The Montreal Massacre, 18 years later
Eighteen years ago today, at L'Ecole Polytechnique de Montreal, Marc Lepine opened fire and killed fourteen women and inured several others before turning the gun on himself. His reason seemed blunt and horribly antiquated for the late 1980s: he killed these women because they were female.
Today, across Canada, vigils and ceremonies are being held to mark the anniversary and to call attention to violence against women in this country. In fact, December 6th is now known in Canada as the National Day of Rememberance and Action on Violence Against Women.
The massacre has also been credited with changing attitudes in gun control and police response to such incidents:
The incident led to more stringent gun control laws in Canada, and changes in the tactical response of police to shootings, which were later credited with minimizing casualties at the Dawson College shootings.

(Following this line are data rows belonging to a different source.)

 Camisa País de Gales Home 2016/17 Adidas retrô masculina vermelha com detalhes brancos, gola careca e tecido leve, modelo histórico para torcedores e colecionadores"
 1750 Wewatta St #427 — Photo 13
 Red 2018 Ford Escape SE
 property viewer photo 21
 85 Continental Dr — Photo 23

"The Montreal Massacre was a monstrous insult to our core Canadian values. We believe fundamentally in the equality of men and women, and we believe all Canadians should be able to live in our country without fear of crime," said Prime Minister Stephen Harper in a statement released to mark the anniversary.
"On this day of remembrance and action let us honour the memory of the Montreal women who were murdered by misogyny by working together to protect the lives, dignity and equality of all women."

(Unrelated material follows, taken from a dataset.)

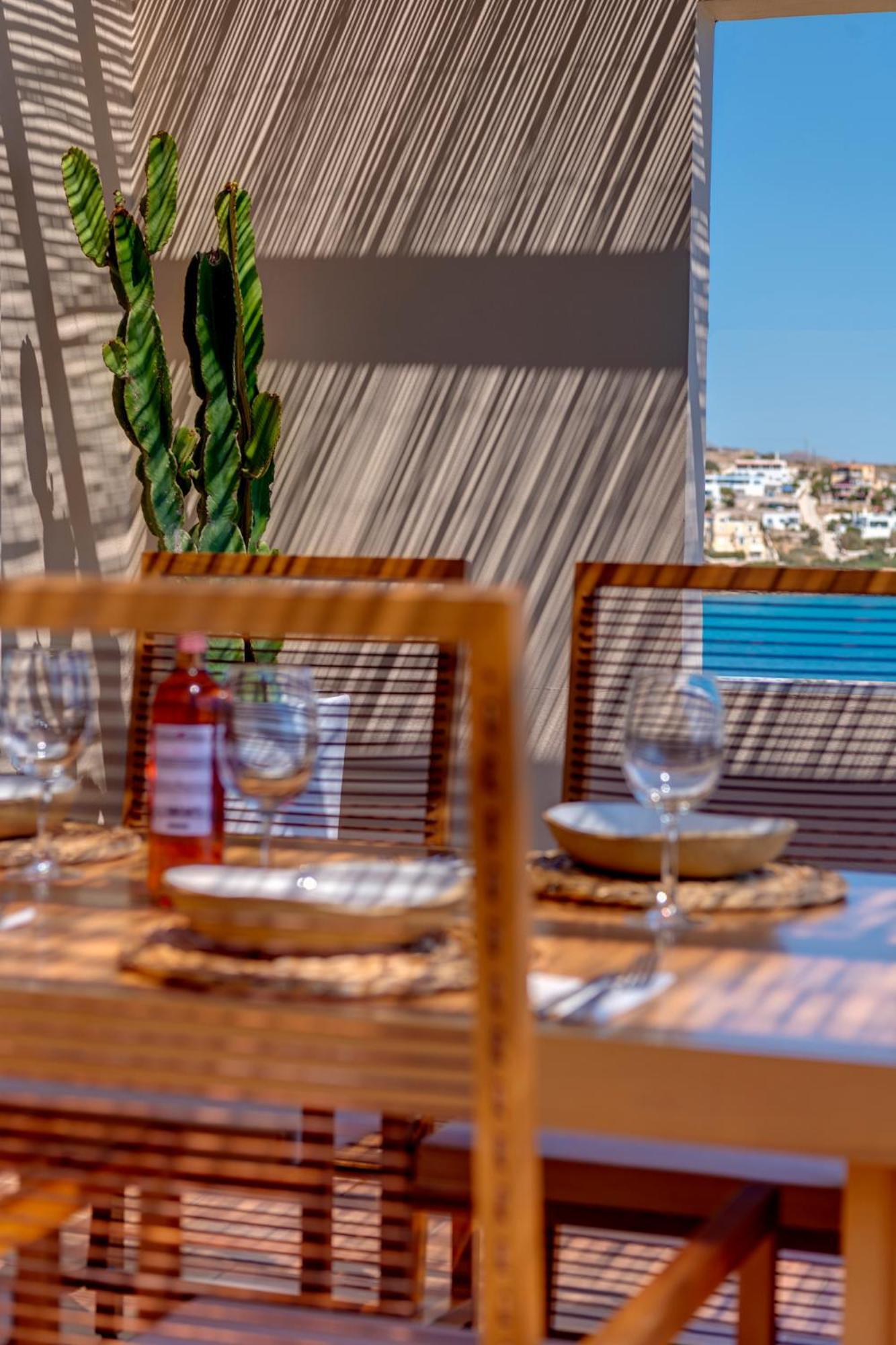 Lalari Beach Suites Vári المظهر الخارجي الصورة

Many feminist and official perspectives have publicly identified the massacre as an anti-feminist attack and suggested it was representative of wider societal violence against women, and the anniversary of the massacre has since been commemorated as the National Day of Remembrance and Action on Violence Against Women. Other interpretations emphasize Lépine's abuse as a child or suggest that the massacre was simply the isolated act of a madman, unrelated to larger social issues. Still other commentators have blamed violence in the media and increasing poverty, isolation, and alienation in society, particularly in immigrant communities.